TKO MEFs are not hypersensitive to DNA-damaging agents. (A) Cdk4^+/+;Cdk2^+/+;Cdk6^−/− control and TKO MEFs were grown for 5 d in the presence of aphidicolin (Aph), MMS, or NCS at the indicated concentrations. Graphs represent the variation in cell number at the end of the experiment normalized to the untreated controls. The results are the mean of two (control MEFs) and four (TKO MEFs) independent experiments. (B) Cdk4^+/+;Cdk2^+/+;Cdk6^−/− control and TKO MEFs expressing the T121 fragment (remaining information is as described in A).

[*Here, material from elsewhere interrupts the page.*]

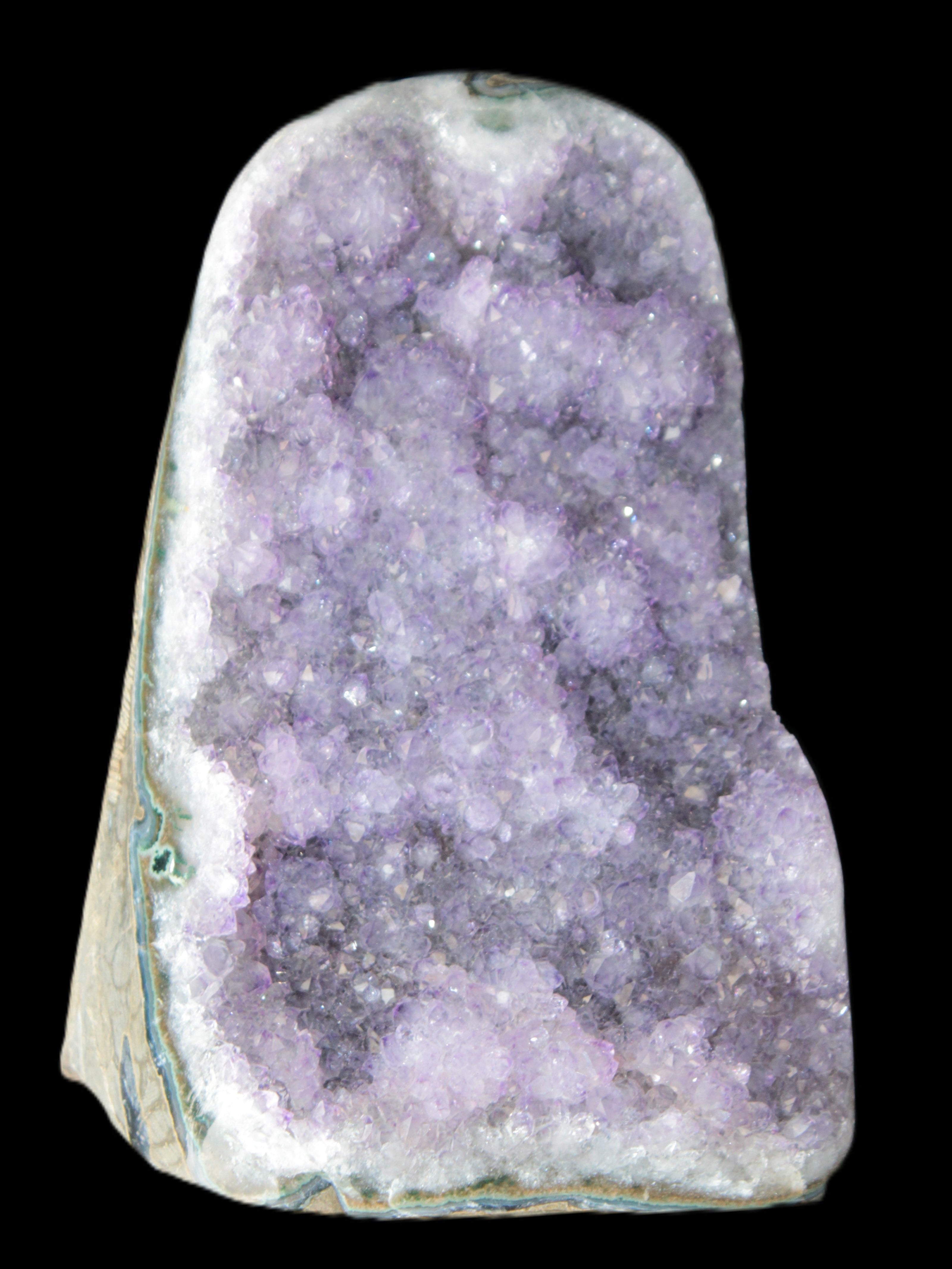 Beautiful Amethyst geode cluster 103*106*31mm 1300g Rocks and Things Store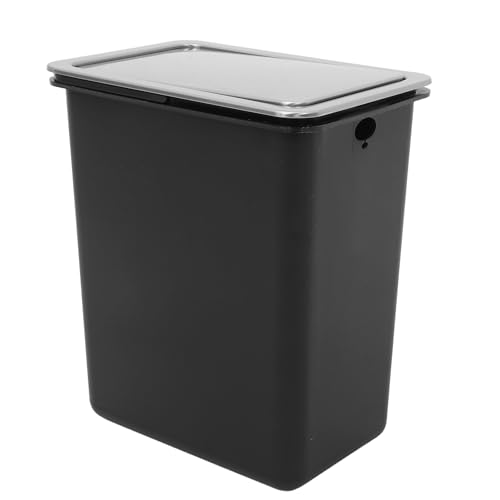 Veemoon Cubo de Basura de Cocina Empotrado en Encimera de Acero Inoxidable con Tapa Abatible Silenciosa, Diseño de 3 Piezas D-260z-430 para Control de Olores y Uso Higiénico en Hogar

Error bars indicate ± SD.

Figure 4.

Cdk1 and Cdk2 are dispensable for the onset of the DDR. (A) Wild-type (WT) and Cdk2^−/− MEFs were infected with lentiviral vectors expressing a scramble control or an shRNA against Cdk1. Extracts were prepared at the indicated time points after IR and blotted with antibodies against Chk1-Ser³⁴⁵ or Chk1 as indicated in Materials and methods. Cdk1 is shown as depletion control. Black lines indicate that intervening lanes have been spliced out. (B) MEFs were infected with the indicated shRNAs, subjected to IR, maintained in culture for 3 h, and preextracted before incubation with the indicated antibodies and confocal analysis. Insets on RPA32 fields show magnified views of a positive cell. (bottom) Cdk2^−/− MEFs were preincubated for 3 h before IR with 50 µM of the Cdk inhibitor roscovitine (Rosc). Bar, 15 µM.

Figure 5.

The Cdk inhibitor purvalanol abrogates DSB end processing. (A) TKO MEFs were treated for 2 h with the indicated concentrations of the Cdk inhibitor purvalanol (Purv). Extracts were blotted with a phosphospecific antibody against histone H3–Ser¹⁰. (B) Purvalanol-treated cells were subjected to IR, and extracts were prepared after 30 min. Extracts were blotted with antibodies against Chk1-Ser³⁴⁵ or Chk1 as indicated in Materials and methods. (C) Purvalanol-treated cells were subjected to IR. After 30 min, the cells were preextracted followed by confocal analysis with the indicated antibodies. Bars, 20 µM.